RegEx can be used to check if a string contains the specified search pattern or not.

## RegEx Module 
Python has a built-in package called re, which can be used to work with regular expressions.

after importing re module we can start using regular expressions.


In [4]:
import re 
txt = "Feel the pain"

data = re.search("pain$",txt)

if data:
    print("Yes!")

else:
    print("No match!!!")


Yes!


# RegEx functions
The re module offers a set of functions that allows us to search a string for a match

|Function    |Description                                              |
|------------|---------------------------------------------------------|
| findall()  | Returns a list of containing all matches.                |
| search()   | Returns a match object if there is a match anywhere in the string.|
| split()    | Returns a list where the string has been split at each match.|
| sub()      | Replaces one or many matches with a sting.|

# Metacharacters
Metacharacters are characters with a special meaning.
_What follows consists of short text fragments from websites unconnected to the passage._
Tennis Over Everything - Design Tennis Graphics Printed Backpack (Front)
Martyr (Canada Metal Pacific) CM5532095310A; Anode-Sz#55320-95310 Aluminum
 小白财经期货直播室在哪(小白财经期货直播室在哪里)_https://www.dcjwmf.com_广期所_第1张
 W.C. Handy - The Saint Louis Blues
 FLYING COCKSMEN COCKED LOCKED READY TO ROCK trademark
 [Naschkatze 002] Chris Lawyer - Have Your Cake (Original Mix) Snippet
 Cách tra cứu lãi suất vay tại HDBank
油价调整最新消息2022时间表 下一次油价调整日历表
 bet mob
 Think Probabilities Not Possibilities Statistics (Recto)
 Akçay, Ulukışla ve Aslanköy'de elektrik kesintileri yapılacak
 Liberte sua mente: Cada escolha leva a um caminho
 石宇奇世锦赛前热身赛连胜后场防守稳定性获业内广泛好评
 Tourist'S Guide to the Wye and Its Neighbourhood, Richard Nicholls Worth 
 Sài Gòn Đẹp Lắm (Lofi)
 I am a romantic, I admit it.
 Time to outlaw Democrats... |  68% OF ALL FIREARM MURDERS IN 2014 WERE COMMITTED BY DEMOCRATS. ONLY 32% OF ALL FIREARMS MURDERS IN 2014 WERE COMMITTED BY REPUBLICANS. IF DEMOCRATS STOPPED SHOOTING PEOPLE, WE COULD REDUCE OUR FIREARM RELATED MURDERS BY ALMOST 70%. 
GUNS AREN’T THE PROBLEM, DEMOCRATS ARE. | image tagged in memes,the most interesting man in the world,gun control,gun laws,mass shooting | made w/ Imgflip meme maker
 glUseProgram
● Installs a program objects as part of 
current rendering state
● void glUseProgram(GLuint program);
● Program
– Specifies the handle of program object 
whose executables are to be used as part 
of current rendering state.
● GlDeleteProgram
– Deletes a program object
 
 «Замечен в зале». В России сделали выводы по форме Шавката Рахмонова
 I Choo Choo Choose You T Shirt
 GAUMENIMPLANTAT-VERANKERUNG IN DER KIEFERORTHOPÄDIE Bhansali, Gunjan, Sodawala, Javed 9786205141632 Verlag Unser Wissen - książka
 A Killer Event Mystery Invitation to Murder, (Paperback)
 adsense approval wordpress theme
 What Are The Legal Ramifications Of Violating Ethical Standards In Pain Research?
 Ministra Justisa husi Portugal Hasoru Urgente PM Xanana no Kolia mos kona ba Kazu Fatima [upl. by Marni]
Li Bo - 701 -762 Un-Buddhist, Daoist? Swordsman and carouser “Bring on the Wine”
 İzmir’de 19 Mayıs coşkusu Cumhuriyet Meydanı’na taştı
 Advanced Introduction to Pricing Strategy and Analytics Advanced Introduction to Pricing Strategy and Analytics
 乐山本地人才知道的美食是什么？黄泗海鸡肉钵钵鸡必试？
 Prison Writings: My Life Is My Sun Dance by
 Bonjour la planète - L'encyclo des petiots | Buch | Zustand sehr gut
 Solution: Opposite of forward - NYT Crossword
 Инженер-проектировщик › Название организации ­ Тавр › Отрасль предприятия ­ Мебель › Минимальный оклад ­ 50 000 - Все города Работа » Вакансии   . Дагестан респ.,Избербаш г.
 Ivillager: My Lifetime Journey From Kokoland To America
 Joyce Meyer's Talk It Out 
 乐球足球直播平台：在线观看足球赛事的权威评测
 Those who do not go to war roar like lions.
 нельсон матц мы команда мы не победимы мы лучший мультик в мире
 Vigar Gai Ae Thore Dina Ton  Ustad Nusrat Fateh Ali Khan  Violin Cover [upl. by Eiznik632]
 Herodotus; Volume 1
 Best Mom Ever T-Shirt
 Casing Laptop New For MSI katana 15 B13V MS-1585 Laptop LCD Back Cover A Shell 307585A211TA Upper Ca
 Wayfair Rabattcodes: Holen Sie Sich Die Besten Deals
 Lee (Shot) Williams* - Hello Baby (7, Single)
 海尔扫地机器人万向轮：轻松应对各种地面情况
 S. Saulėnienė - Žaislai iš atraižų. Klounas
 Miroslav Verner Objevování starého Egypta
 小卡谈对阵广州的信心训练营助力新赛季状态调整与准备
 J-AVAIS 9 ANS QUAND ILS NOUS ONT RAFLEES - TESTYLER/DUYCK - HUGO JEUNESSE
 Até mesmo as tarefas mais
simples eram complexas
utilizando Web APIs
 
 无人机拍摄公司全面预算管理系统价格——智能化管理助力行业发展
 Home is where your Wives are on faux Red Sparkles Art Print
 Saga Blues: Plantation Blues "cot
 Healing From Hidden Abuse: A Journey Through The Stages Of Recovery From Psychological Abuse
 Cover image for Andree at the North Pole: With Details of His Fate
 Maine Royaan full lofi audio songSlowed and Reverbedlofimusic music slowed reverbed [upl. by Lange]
|Character |               Description                                                | Example         |
|----------|--------------------------------------------------------------------------|-----------------|
| [ ]      | A set of characters                                                      | [a-m]           |
|  \       | Signals a special sequence can also be used to escape special characters | "\d"            |
|  .       | Any character except newline character                                   | "S....a         |
|  ^       | Starts with                                                              | "^he"           |
|  $       | Ends with                                                                | "pain$"         |
|  *       | Zero or more occurence                                                   | "sh.*a          |
|  +       | One ore more occurence                                                   | "ki.+g"         |
|  ?       | Zero or one occurence                                                    | "lo.?e"         |
| { }      | Exactly the specified number of occurence                                | "i.{2}q         |
| Pipe     | Either or                                                                |"happypipesad"   |
| ( )      | Capture and group     it captures the values and retruns them and they can be accessed by using the .group() method                                                    | ("s.{2}g.+song$)|
| (?: )    | Non-capturing                                                            | (?:a).*+sh      |


pipe means the "|" character.

# Flags
We can add flags to the pattern when using regular expressions.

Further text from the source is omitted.